Terry Jennings' refusal to call in an outside agency becomes even more critical in light of something Stacie Elliget recalls. "Kay Miller told me when he was going to interview me that now he knew what Russ Staton had meant," Stacie tells New Times. "Kay said Russ had told him that `someday, you'll be asking Dick Elliget these same questions--you'll see,'" Stacie says. "It's weird, 'cause right around that time my dad started playing these little sex games with me."

SIX WEEKS BEFORE Dick Elliget's fiefdom crashed, the Mesa Tribune published a story with the headline, "Police work all in the family for dad, sons."

The story described glowingly how Dick, Tim and Richard Elliget Sr. had been serving the City of Mesa for years. "I try to keep my career separated from my personal life as much as possible," Dick Elliget told a reporter, adding that his cop job fascinated his four daughters. "There's always that `wow,'" he said.

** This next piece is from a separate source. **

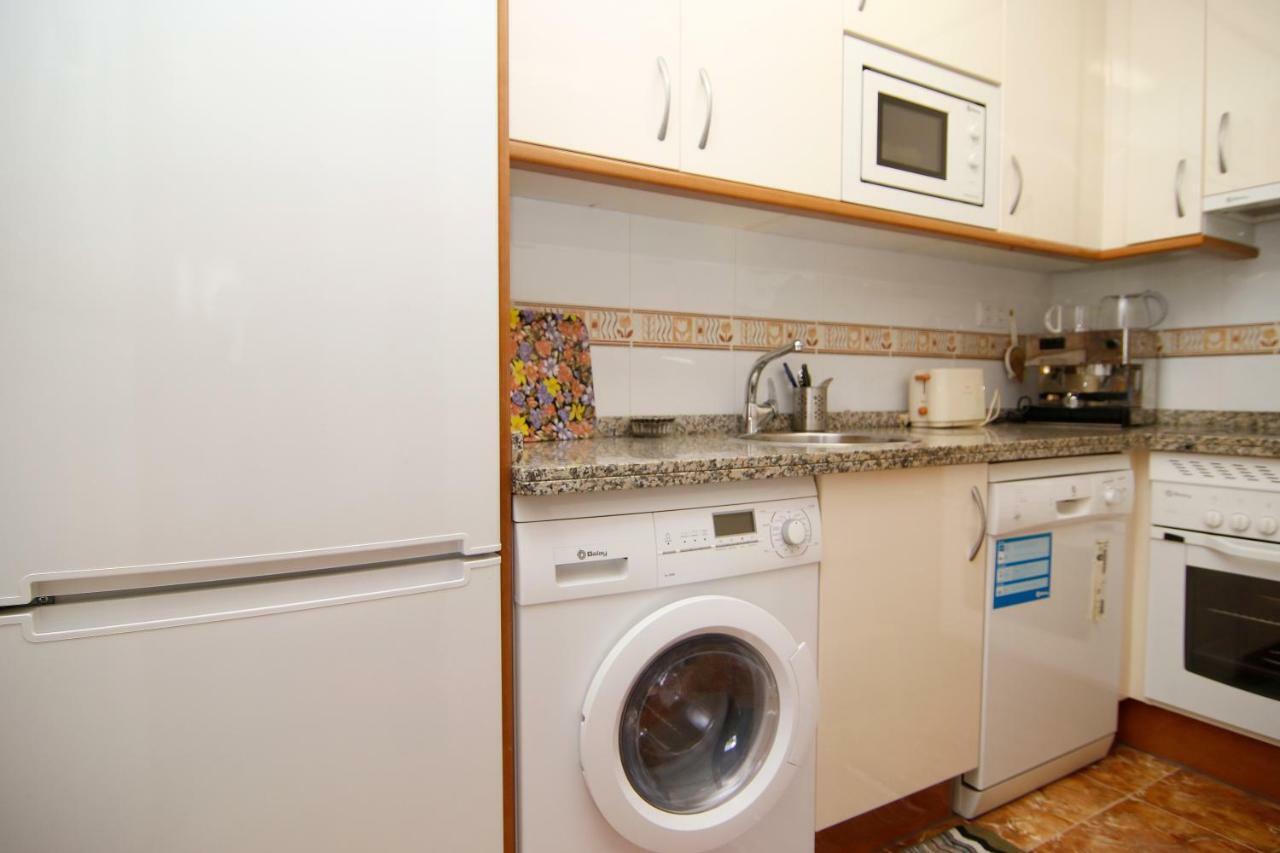 Apartament Jardin Del Sella Onís Zewnętrze zdjęcie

Dick Elliget had been a cop for most of his adult life. He served a tour in Vietnam after being graduated from Phoenix Central High School, then went to work for a few years as a deputy marshal in the northern Arizona town of Fredonia. The Mesa Police Department hired him in 1978.

Laurie Elliget gave birth to the second of their four daughters shortly after the family moved to Mesa. Over the years, he earned a reputation as a go-getter. The department awarded him its Medal of Valor in 1984--he is the only Mesa officer ever to receive that honor--after he rescued a suicidal woman from drowning in a canal. He later won a second Medal of Valor in another rescue of a suicidal woman.

Those honors have been called into question by some Mesa cops. Both awards came upon the recommendation of Elliget's alleged "godfather," Lieutenant Rick Heath, the retired supervisor whose name is said to appear in Elliget's sex diary. "It just looks fishy," says one cop who knows both men. "They were best of buds, looking out for each other. I know that we do rescues all the time and don't get nominated for big awards. A lot of us have wondered about the medals, even before we knew about the diary and all that."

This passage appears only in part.